# Vtnet0 interface not being created



## Mike G (Jul 20, 2021)

Hi, I am fairly new to FreeBSd and network administration so this might be down to my ignorance, but I am having a problem because the vtnet0 interface is not being created on my server a boot time, and I can't set it up using either "dhclient vtnet0" or several different attempts at ifconfig (all of which return that the interface vtnet09 does not exist).  I have tried adding "ifconfig_vtnet0=" lines to my rc,conf file and rebooting (using either DHCP , the IP address given to my machine by my router or my dynamic domain name), none of which have worked.  Looking at the boot messages, there is no sign of any failed attempt to create vtnet0, though Lo0 and Em0 are both created set "up" and work perfectly well, I realise this is probably a foolish question, and the answer is staring me in the face somewhere, but I promise I have spent quite a bit of time searching for an answer and can not find one (the only mention I can find of similar problems is when setting up a jail, and nothing there seems to solve the problem).


----------



## Jose (Jul 20, 2021)

The vtnet(4) driver is only for virtual machines. It looks like you're running Freebsd on real hardware that has an Intel NIC that uses the em(4) driver.

Add the appropriate `ifconfig_emX` line to your /etc/rc.conf to bring this interface up on boot.
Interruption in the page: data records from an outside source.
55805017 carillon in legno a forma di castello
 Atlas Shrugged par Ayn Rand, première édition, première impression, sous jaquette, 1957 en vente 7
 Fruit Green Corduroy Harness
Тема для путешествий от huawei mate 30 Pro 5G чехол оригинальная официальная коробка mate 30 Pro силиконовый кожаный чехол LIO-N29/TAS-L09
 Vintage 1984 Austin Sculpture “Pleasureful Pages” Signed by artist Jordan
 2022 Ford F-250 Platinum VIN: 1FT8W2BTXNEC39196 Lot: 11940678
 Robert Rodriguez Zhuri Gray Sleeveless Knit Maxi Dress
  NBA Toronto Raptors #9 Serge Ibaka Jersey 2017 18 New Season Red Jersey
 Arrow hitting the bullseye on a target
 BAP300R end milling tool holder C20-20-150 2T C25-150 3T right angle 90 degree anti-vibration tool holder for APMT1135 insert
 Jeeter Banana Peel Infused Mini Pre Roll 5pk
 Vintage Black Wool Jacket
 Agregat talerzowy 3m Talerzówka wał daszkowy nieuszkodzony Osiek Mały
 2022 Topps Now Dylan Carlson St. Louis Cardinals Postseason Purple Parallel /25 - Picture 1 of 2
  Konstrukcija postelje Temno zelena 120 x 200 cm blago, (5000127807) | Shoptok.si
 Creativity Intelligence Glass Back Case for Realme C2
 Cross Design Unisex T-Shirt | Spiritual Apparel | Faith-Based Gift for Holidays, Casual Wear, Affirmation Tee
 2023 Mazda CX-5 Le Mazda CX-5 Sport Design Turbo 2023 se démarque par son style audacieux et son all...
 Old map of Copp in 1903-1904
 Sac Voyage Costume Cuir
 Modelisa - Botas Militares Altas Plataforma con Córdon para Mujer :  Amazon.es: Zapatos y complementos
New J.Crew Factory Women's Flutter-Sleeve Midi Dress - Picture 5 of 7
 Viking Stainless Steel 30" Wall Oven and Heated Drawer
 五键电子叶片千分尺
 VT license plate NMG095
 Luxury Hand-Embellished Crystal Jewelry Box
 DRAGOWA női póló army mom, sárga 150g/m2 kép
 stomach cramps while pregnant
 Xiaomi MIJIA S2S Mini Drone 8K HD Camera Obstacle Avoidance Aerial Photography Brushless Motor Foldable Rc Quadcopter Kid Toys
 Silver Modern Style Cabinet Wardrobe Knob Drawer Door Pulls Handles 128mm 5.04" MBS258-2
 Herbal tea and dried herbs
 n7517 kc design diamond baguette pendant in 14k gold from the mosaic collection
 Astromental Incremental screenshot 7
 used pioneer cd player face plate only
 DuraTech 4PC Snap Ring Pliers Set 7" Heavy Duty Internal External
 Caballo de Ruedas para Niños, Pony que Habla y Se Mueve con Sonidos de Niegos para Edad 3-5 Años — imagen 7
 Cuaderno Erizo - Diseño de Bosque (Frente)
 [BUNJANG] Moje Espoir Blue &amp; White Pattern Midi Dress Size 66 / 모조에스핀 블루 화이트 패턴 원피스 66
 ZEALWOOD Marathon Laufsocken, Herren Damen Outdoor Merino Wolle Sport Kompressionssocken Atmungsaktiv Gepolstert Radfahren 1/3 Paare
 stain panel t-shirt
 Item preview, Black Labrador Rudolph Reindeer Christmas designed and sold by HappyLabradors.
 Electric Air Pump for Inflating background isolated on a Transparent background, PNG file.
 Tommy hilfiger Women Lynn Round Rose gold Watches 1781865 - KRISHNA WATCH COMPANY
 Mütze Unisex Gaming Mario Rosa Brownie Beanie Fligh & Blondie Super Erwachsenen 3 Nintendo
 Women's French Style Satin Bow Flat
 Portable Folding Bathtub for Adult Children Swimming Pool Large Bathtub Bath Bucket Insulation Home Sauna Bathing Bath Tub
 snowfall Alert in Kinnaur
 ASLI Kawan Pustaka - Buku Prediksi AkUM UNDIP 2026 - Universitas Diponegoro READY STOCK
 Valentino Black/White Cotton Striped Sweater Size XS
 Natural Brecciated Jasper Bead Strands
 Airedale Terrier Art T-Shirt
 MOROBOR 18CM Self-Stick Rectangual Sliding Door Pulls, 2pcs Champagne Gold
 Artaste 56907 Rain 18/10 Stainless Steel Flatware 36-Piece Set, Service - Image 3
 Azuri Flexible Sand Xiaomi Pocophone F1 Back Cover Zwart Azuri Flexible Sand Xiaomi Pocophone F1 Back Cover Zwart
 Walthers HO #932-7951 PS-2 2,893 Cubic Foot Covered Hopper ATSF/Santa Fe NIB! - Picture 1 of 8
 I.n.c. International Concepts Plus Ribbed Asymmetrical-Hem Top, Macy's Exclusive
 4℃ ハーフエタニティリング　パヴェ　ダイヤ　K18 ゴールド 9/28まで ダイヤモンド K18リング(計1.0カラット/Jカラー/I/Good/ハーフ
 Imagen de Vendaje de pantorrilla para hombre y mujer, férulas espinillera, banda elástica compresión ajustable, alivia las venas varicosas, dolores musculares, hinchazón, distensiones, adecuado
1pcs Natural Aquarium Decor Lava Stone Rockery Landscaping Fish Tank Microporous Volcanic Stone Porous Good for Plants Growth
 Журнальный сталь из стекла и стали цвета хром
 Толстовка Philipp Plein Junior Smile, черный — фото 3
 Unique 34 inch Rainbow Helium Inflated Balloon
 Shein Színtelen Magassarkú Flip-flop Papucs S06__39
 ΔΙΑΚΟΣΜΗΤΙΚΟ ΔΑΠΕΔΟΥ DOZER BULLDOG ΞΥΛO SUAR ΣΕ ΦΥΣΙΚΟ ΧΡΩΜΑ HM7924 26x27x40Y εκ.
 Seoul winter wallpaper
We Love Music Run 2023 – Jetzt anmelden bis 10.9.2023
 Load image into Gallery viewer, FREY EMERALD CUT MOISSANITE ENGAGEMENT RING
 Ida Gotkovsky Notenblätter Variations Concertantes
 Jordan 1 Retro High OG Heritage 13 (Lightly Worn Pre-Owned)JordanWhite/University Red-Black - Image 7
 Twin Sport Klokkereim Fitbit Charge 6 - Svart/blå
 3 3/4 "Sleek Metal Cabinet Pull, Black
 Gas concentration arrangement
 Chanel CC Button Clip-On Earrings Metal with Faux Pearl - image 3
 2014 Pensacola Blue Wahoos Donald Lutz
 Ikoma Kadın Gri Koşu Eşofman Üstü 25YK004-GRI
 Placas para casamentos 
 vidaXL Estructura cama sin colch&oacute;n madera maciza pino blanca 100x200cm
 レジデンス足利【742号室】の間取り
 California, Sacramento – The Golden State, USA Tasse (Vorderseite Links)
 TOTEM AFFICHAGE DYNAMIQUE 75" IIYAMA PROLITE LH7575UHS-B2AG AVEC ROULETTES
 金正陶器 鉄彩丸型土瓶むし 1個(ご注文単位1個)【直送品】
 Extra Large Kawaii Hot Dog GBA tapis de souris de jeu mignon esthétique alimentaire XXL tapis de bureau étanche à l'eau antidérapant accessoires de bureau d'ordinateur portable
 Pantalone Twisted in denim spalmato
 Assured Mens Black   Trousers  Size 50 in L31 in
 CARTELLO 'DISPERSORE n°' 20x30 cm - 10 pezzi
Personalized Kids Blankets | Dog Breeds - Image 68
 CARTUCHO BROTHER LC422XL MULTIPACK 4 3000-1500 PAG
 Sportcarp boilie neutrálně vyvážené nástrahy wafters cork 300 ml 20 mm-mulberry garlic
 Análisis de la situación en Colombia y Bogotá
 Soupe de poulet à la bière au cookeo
The handbook section on network administration covers finding which driver has been found for your hardware and configuring the NIC in detail:








						Chapter 13. Configuration and Tuning
					

This chapter explains much of the FreeBSD configuration process, including some of the parameters which can be set to tune a FreeBSD system.




					docs.freebsd.org


----------



## Mike G (Jul 20, 2021)

Thanks, yes it is on a real machine and I did think the "V" in vtnet might stand for virtual; I was following a guide for setting some rules for PF that simply assumed vtnet0 was present, will read the chapter and hopefully get a better handle on the problem.


----------



## SirDice (Jul 20, 2021)

On a lot of Linux distributions it's more common to see a eth0 regardless of the actual driver of that network card. On FreeBSD however, network interfaces are named after their drivers. So the actual name of the interface is going to depend on the exact hardware you have. You can have a re0 for Realtek (re(4)) cards or em0 for Intel (em(4)) cards for example. The vtnet(4) driver is a paravirtualized network interface used on a lot of virtual machines.


----------



## Jose (Jul 20, 2021)

SirDice said:


> On a lot of Linux distributions it's more common to see a eth0 regardless of the actual driver of that network card...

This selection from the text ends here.